Ammesse tutte le richieste di costituzione di parte civile. Escluso, per il momento, l’utilizzo delle chat criptate depositate dalla procura. Sono le gedizioni del gup Giuseppe De Salvatore al processo nato dall’inchiesta ribattezzata “Codice interno“, che nel febbraio scorso ha terremotato la città di Bari. Ben 109 gli imputati nel procedimento, celebrato col rito abbreviato, sui presunti intrecci tra mafia, politica e imprenditoria cittadina.

Tra le parti civili che si sono costituite ci sono anche il Comune di Bari, la Regione Puglia, l’associazione antimafia Libera, i ministeri dell’Interno e della Giustizia e le municipalizzate Amgas e Amtab. Per il momento, invece, non sono state ammesse le “criptochat” depositate dai pm Fabio Buquicchio e Marco D’Agostino nell’udienza del 25 settembre: il gup, in questo caso, ha deciso di accogliere le eccezioni presentate dai difensori di alcuni imputati. Le ‘criptochat’, acquisite nell’ambito di un altro procedimento, riguardano intercettazioni tra esponenti della criminalità organizzata coinvolti anche in questo processo che parlano tra loro utilizzando telefoni in cui era installato un software canadese, che rendeva i cellulari quasi impossibili da intercettare. Per decriptarne il contenuto, gli inquirenti sono stati aiutati dalle autorità francesi e olandesi.

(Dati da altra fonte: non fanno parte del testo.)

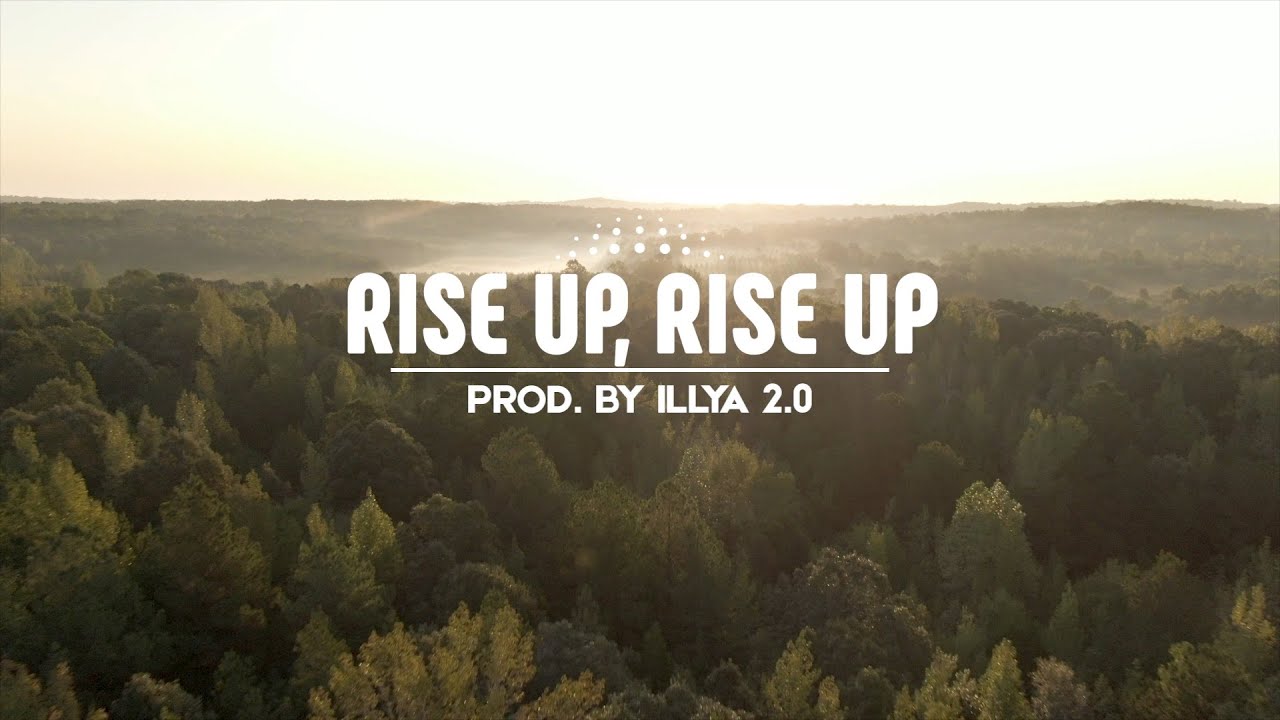Bru C x Alcemist - Stan Smith type beat [Chill UK Drum'n'Bass / Jungle / Liquid DnB] — Rise Up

Nella prossima udienza dell’8 novembre, davanti al gup, parleranno alcuni imputati che hanno chiesto di rendere spontanee dichiarazioni. In quella del 27 novembre, invece, ci sarà l’esame del boss Savino Parisi, del figlio Tommaso, cantante neomelodico, e dell’ex consigliere regionale Giacomo Olivieri, che è in carcere dal 26 febbraio ed è a processo per scambio elettorale politico-mafioso e per estorsione. È accusato di aver raccolto i voti della malavita per favorire l’elezione al consiglio comunale di Bari, nel 2019, della moglie Maria Carmen Lorusso. Anche la donna è stata coinvolta nell’inchiesta: tornata in libertà oggi dopo aver trascorso otto mesi ai domiciliari, Lorusso è a processo con rito ordinario – sempre per scambio elettorale politico-mafioso – insieme ad altri 14 imputati, tra cui il padre, l’oncologo Vito Lorusso, già indagato in altre indagini.